I would like to visit! Thank you


----------



## kiyyie (Apr 16, 2020)

Can I come by?


----------



## UmbreonRogue (Apr 16, 2020)

I’d like to drop by too


----------



## Plume (Apr 16, 2020)

May I visit? Thanks!


----------



## dino (Apr 16, 2020)

i'd love to visit if you're still doing this, please!  thanks!


----------



## Cnydaquil (Apr 16, 2020)

can i come?


----------



## Swiftest_Dreams (Apr 16, 2020)

I’d love to come


----------



## kingmog (Apr 16, 2020)

Can I come over?


----------



## peekopecko (Apr 16, 2020)

Can I come?


----------



## BbyDeeEMILY (Apr 16, 2020)

Hello~ May I come visit~


----------



## morgan0804 (Apr 16, 2020)

If you're still letting people visit I would love to get a DIY from Celeste real quick!

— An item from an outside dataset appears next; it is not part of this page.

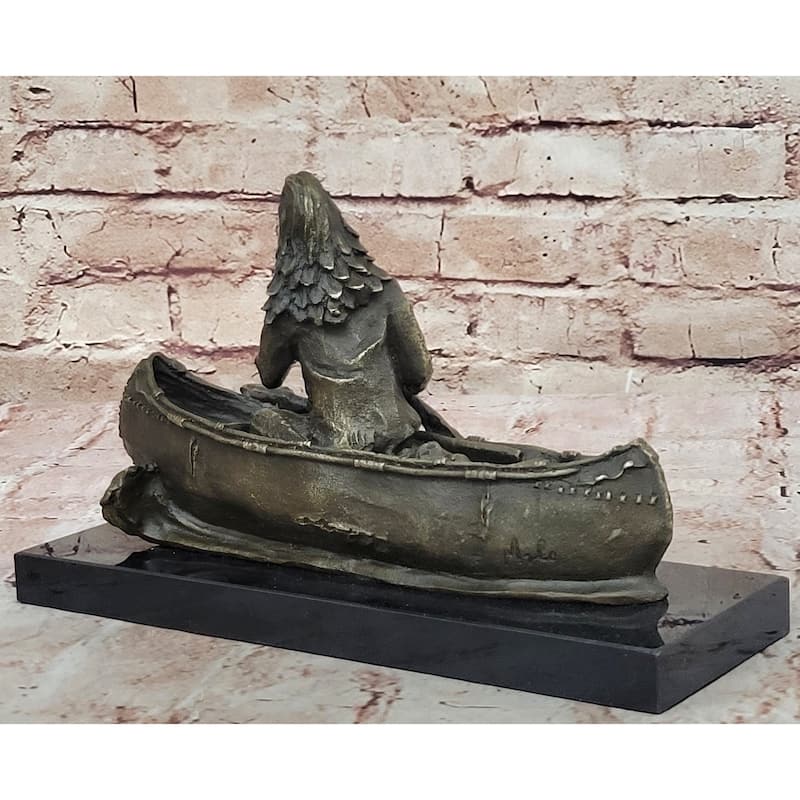 Native American Indian Man In Canoe Bronze Statue Sculpture Figure 7 Inches X 10 Inches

If not I understand.


----------



## drahcir` (Apr 16, 2020)

I'd like  to hop in and out for celeste real quick, thanks!


----------



## P4ND0LF0 (Apr 16, 2020)

Hi, are you still open?


----------



## fuzzybug (Apr 16, 2020)

Hi, I'm sorry if it's too late but I would love to come by! Especially for the grass skirt lol


----------



## lizardon (Apr 16, 2020)

Can I stay for the meteor shower? Cause I got all Celeste DIY already, just need to make more wishes, will drop off tips, thx


----------



## legandaryOstrich (Apr 16, 2020)

Would love to come for Celeste if you are still hosting!


----------



## doofcake (Apr 16, 2020)

i'd love to come by if you're still up for it~


----------



## JaydenRocks0 (Apr 16, 2020)

YES P


Dacroze said:


> I currently have Celeste and Kicks on my island. If you'd like to visit, please *post in this thread*, so I can get to everyone by post order. I'll then send you a DM with the dodo code and like your post, so everyone can keep track of the queue. There is no entrance fee and tips are appreciated but not necessary (If you want to tip just drop them near me, I should be near Celeste, I'm the one with the green hat).
> Please leave through the airport once you are done and got everything. You can wish upon shooting stars while you are here but please don't stay just for them, so others can also get a chance to get the recipe(s). Running is also allowed but please watch out near my house not to run over any hybrids.
> 
> *Current status:* (I'll update the post if anything changes)
> ...


Is it southern hemisphere?


----------



## Dacroze (Apr 16, 2020)

JaydenRocks0 said:


> YES P
> 
> Is it southern hemisphere?


northern hemisphere


----------



## navleost (Apr 16, 2020)

I would like to visit


----------



## ProfessorMiku (Apr 16, 2020)

I'd love to come please!


----------



## kookey (Apr 16, 2020)

If you’re still doing this, I’d love to join


----------